Stochastic Optimizers

What is Stochastic Rounding and Why is It Useful For Optimization

Standard floating-point casting (e.g., tensor.to(torch.bfloat16)) typically utilizes Round-to-Nearest-Even. This method is statistically biased.

When training models in reduced precision (like BF16), standard "Round to Nearest" operations can lead to stalling. If a weight update is smaller than the smallest representable difference for a given float value, the update disappears completely.

Stochastic Rounding replaces rigid rounding with a probabilistic approach: for instance, if a value \(x\) is \(30\%\) of the way between representable numbers \(A\) and \(B\), it has a \(30\%\) chance of rounding to \(B\) and \(70\%\) chance of rounding to \(A\). Over multiple updates, the statistical expectation matches the true high-precision value \(E[Round(x)] = x\), allowing training to converge even when individual updates are technically "too small" for the format.

For more information, please refer to:

About

This module provides optimizers for low precision training with stochastic rounding using highly optimized Triton kernels.

Benchmarks

All the benchmarks were performed on a single NVDIA H100 80GB GPU.

copy_fp32_to_bf16_stochastic_

adamw_stochastic_bf16_

`d9d.optim.stochastic`

`StochasticAdamW`

Bases: Optimizer

Implements the AdamW algorithm with Stochastic Rounding.

This optimizer is designed to handle stochastic rounding primarily for BF16 training, leveraging a custom kernel.

Parameters must be in BF16. Gradients could be both in BF16 and FP32.

It natively supports PyTorch distributed DTensor parameters.

It maintains its own random number generator state to ensure reproducibility.

Source code in d9d/optim/stochastic/adamw.py

class StochasticAdamW(Optimizer):
    """Implements the AdamW algorithm with Stochastic Rounding.

    This optimizer is designed to handle stochastic rounding primarily for BF16 training,
    leveraging a custom kernel.

    Parameters must be in BF16. Gradients could be both in BF16 and FP32.

    It natively supports PyTorch distributed ``DTensor`` parameters.

    It maintains its own random number generator state to ensure reproducibility.
    """

    def __init__(
            self,
            params: ParamsT,
            lr: float,
            betas: tuple[float, float] = (0.9, 0.999),
            eps: float = 1e-8,
            weight_decay: float = 1e-2,
            generator: torch.Generator | None = None,
            state_dtype: torch.dtype = torch.float32,
    ):
        """Constructs a new StochasticAdamW optimizer.

         Args:
             params: Iterable of parameters to optimize or dicts defining parameter groups.
             lr: Learning rate.
             betas: Coefficients used for computing running averages of gradient and its square.
             eps: Term added to the denominator to improve numerical stability.
             weight_decay: Weight decay coefficient.
             generator: Pseudorandom number generator for stochastic rounding.

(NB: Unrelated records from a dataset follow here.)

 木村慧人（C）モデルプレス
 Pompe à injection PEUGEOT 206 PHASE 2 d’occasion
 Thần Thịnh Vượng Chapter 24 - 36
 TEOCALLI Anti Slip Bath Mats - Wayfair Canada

If None,
                 a new generator is created and seeded from the main PyTorch generator.
             state_dtype: Data Type to use for the optimizer states.
         """

        if lr <= 0:
            raise ValueError(f"Invalid learning rate: {lr}")
        if eps <= 0:
            raise ValueError(f"Invalid epsilon value: {eps}")
        if not 0.0 <= betas[0] < 1.0:
            raise ValueError(f"Invalid beta parameter at index 0: {betas[0]}")
        if not 0.0 <= betas[1] < 1.0:
            raise ValueError(f"Invalid beta parameter at index 1: {betas[1]}")
        if weight_decay <= 0:
            raise ValueError(f"Invalid weight_decay value: {weight_decay}")

        if generator is None:
            generator = torch.Generator(device="cpu")
            # make the generator fork from pytorch's main generator
            seed = cast(int, torch.randint(0, 2**32, (1,)).item())
            generator.manual_seed(seed)

        self._generator = generator

        defaults = {
            "lr": lr,
            "betas": betas,
            "eps": eps,
            "weight_decay": weight_decay,
            "state_dtype": state_dtype
        }
        super().__init__(params, defaults)

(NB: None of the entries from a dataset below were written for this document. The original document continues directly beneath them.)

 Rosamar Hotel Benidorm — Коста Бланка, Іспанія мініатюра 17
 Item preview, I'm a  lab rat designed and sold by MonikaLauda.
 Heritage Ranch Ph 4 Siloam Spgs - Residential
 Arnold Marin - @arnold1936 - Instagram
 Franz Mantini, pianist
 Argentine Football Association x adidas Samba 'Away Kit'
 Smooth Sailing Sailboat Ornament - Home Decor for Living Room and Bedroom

    def state_dict(self) -> StateDict:
        state_dict = super().state_dict()
        state_dict[_GENERATOR_STATE_KEY] = self._generator.get_state()
        return state_dict

    def load_state_dict(self, state_dict: StateDict) -> None:
        if _GENERATOR_STATE_KEY in state_dict:
            self._generator.set_state(state_dict.pop(_GENERATOR_STATE_KEY))
        super().load_state_dict(state_dict)

    @torch.no_grad()
    def step(self, closure: None = None) -> None:  # type: ignore[override]
        if closure is not None:
            raise ValueError("Closure is not supported")

        for group in self.param_groups:
            lr = group["lr"]
            beta1, beta2 = group["betas"]
            eps = group["eps"]
            weight_decay = group["weight_decay"]
            state_dtype = group["state_dtype"]

            for p in group["params"]:
                if p.grad is None:
                    continue

                grad = p.grad
                if grad.is_sparse:
                    raise RuntimeError("StochasticAdamW does not support sparse gradients")

                state = self.state[p]

                # State Initialization
                if len(state) == 0:
                    state["step"] = 0
                    state["exp_avg"] = _new_buffer(p, dtype_override=state_dtype)
                    state["exp_avg_sq"] = _new_buffer(p, dtype_override=state_dtype)

                state["step"] += 1
                exp_avg = state["exp_avg"]
                exp_avg_sq = state["exp_avg_sq"]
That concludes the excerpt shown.